I had a Japanese friend who says he had a real Samurai Outfit and sword. It was giving to him by his Grandmother who had inherited it from her family. When Lord of the Rings came out, a different fellow I worked with bought a replica of Anduril Sword from LOTR's. There was a discussion at work about how good the Anduril sword was which led to a challenge. I was to wear the Samurai Outfit since it was my size and use the Samurai sword and he was to fashion some armor and use the Anduril sword. He backed out after his wife threatened him and me.
there is a very good chance that the replica sword is made from a relatively cheap stainless steel with uniform hardness through the blade. While the excerpt below is about cheap replica katanas it can apply to any such replica blade:
"Most cheap reproductions are made from inexpensive stainless steels such as 440A (often just termed "440").[45] With a normal Rockwell hardness of 56 and up to 60, stainless steel is much harder than the back of a differentially hardened katana (HR50), and is therefore much more prone to breaking, especially when used to make long blades. Stainless steel is also much softer at the edge (a traditional katana is usually more than HR60 at the edge)."

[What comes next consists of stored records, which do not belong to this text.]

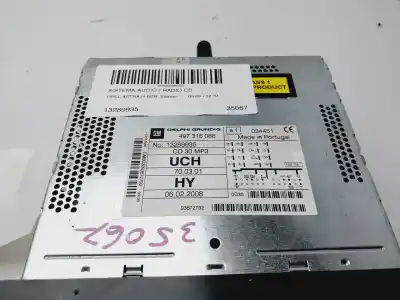 Gebrauchtes Autoersatzteil AUDIOSYSTEM / RADIO-CD zum OPEL ASTRA H BERLINA  OEM-IAM-Referenzen 13289935  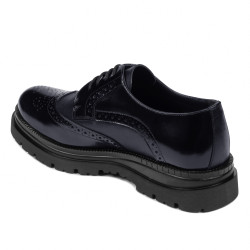 Elegantit miesten kengät 972 lakka indigo yhdistettynä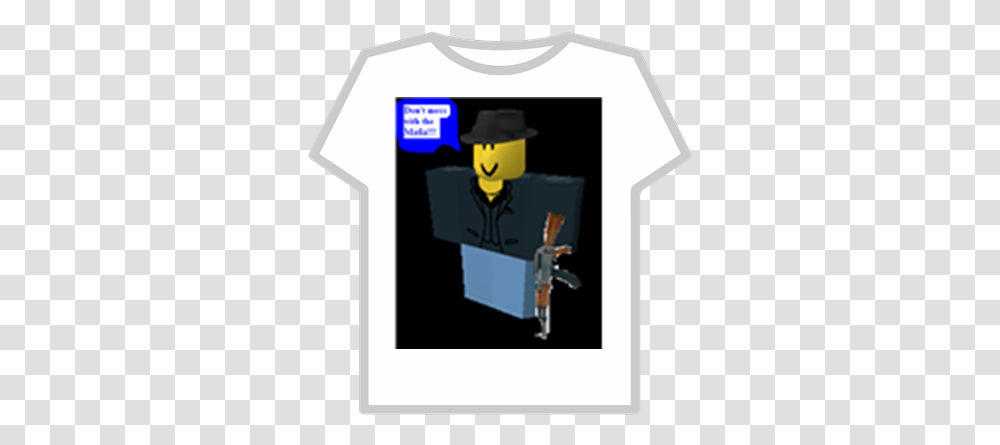 Me Mafia With Ak 47png Roblox Aesthetic Roblox T Shirt, Clothing, T-Shirt, Text, Graduation Transparent Png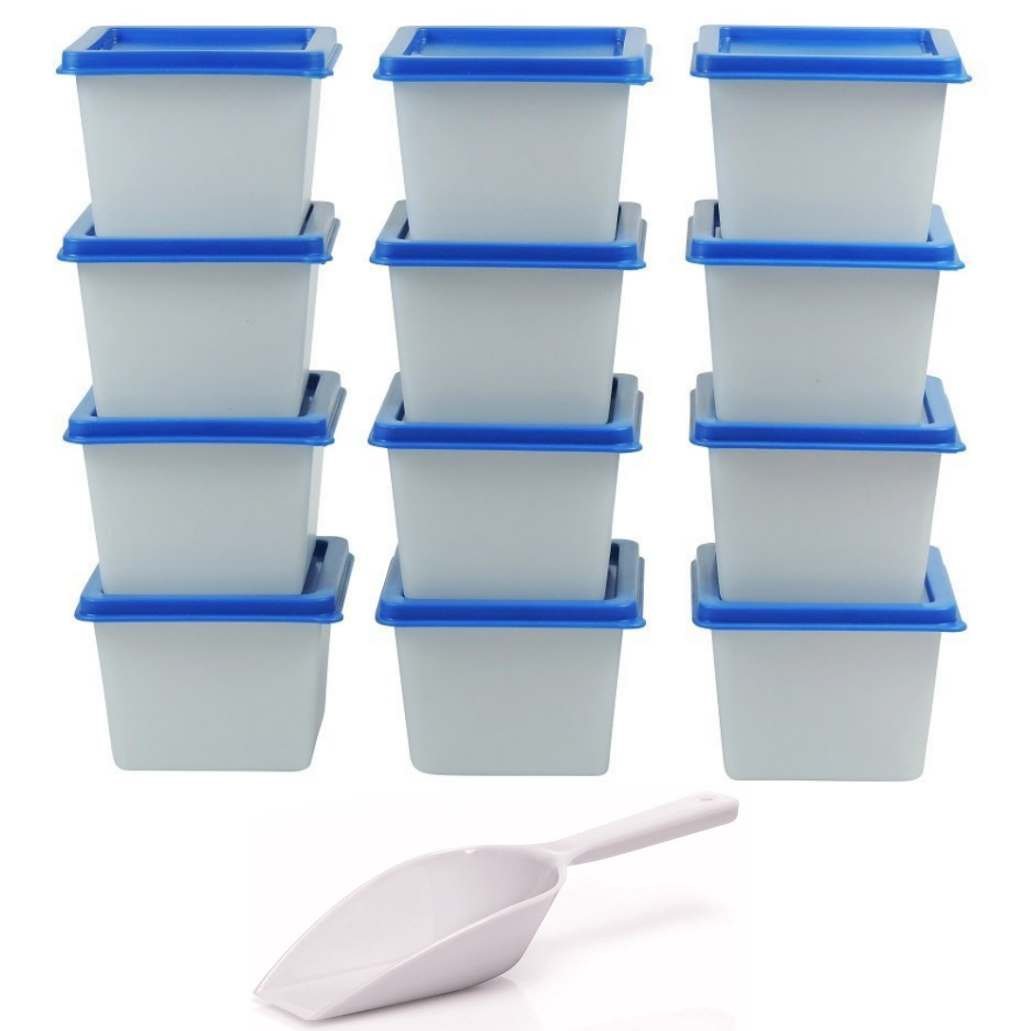 mikken Freezer Boxes 100 ml, 6.5 cm, White Blue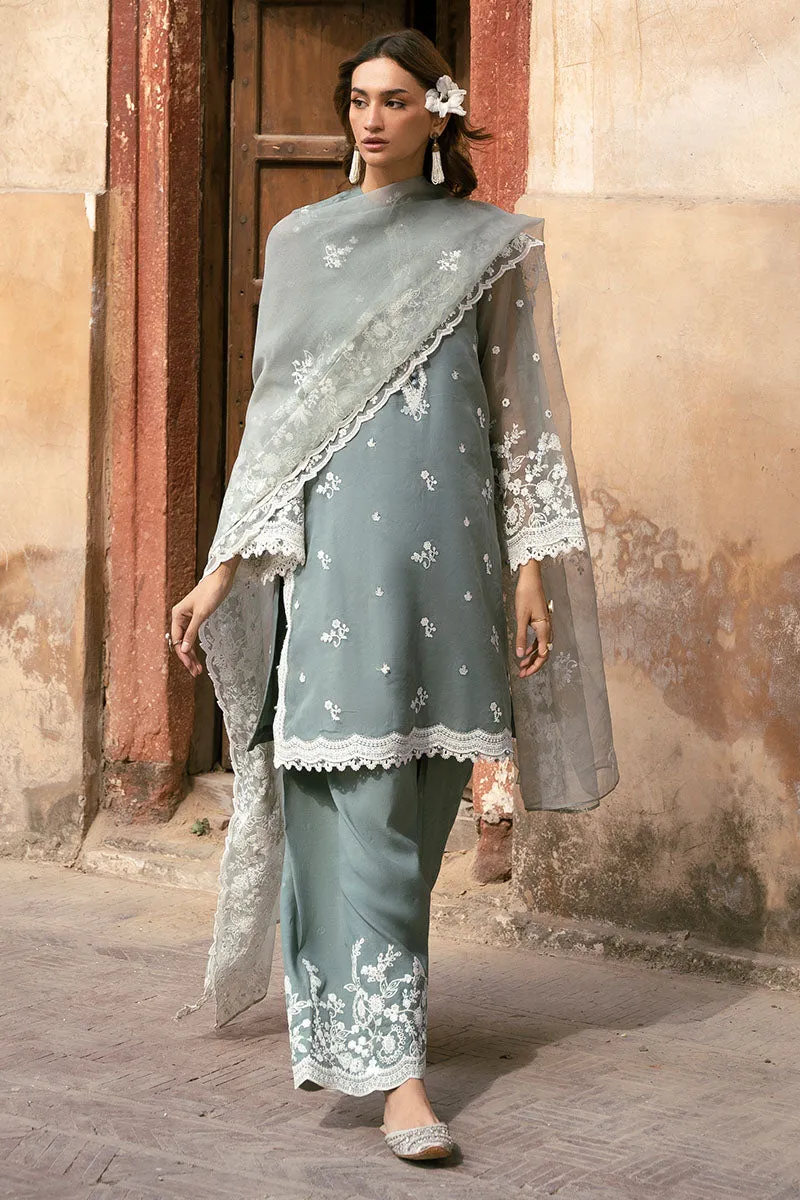 SEAFOAM BREEZE-3PC (SHIRT, TROUSER & DUPATTA)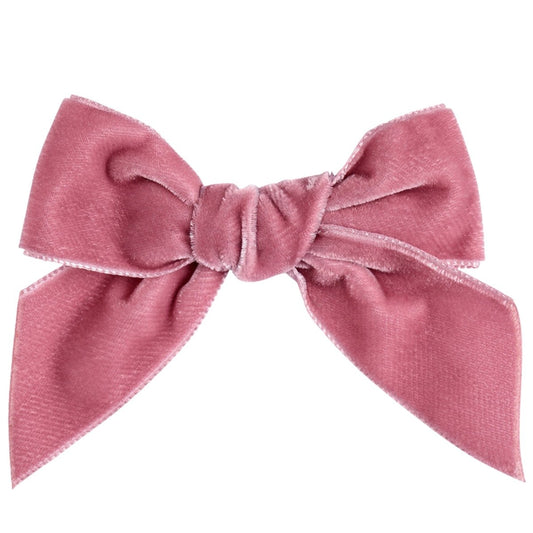 Condor Dusky Pink Velvet hair clip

So, i'd not risk using such replica sword against a real world sword :) On the other side one can imagine how a modern sword can be made - say carbon fiber core inside titanium monocrystal envelope with fused, like laser sintered, ceramic/nano-diamond skin and edge. And resorting to cold weapons may be a reasonable alternative to guns in the future conflicts inside space stations and planetary bases.
Wielding a sword in zero-G would be problematic. As you swing the sword, your body is going to torque in the opposite direction (conservation of angular momentum)!
>your body is going to torque in the opposite direction.
and it may make sense to have an additional blade attached to the other end of your body. The art of sword fighting in zero G or low G - imagine on Moon like those long high jumps from Crouching Dragon :) - would look different.
Uh oh. You both are lucky that he had such a wife, because there was a big chance to leave you both injured, or worse. Even the best armor is not absolutely damage-proof. Also, such "test" is rather pointless if done not between trained swordmen.
Yeah. If nothing else, imagine how it would feel to have damaged an heirloom samurai sword by hacking into a cheap movie prop sword and chips the metal.
I was told that with gemstones, a stone of lesser hardness can never scratch one of greater hardness, no matter what. I wonder how that relates to a cheap potmetal sword and a strong, hardened one...
That is basically the definition of hardness. It doesn't make gems indestructible; they can be worn down like anything else. We cut diamonds even though we don't have something harder to cut them with; it's just much harder than cutting softer stones with diamonds.
A cut gem's sharp corners will be worn down over time by the paper the gem is kept in. Paper's not that hard.
(And of course, even if scratching were completely impossible, gems are still easy to smash. There are all kinds of deformations that aren't scratching.)
I've had a very nice kitchen knife get stuck in an unexpected bone. The blade lost a big chip, because it twisted in my hand after sinking in a little. But no, the bone didn't scratch the blade.
You can easily smash a diamond with a hammer, even though the diamond is far harder than a hammer.
Aside from that, metals quite often gouge and chip one another, and 100+ year old swords are not automatically stronger or made of better materials than present day pot metal.
After a certain point, a sword is more valuable and useful as an art piece than as a weapon outside of emergencies.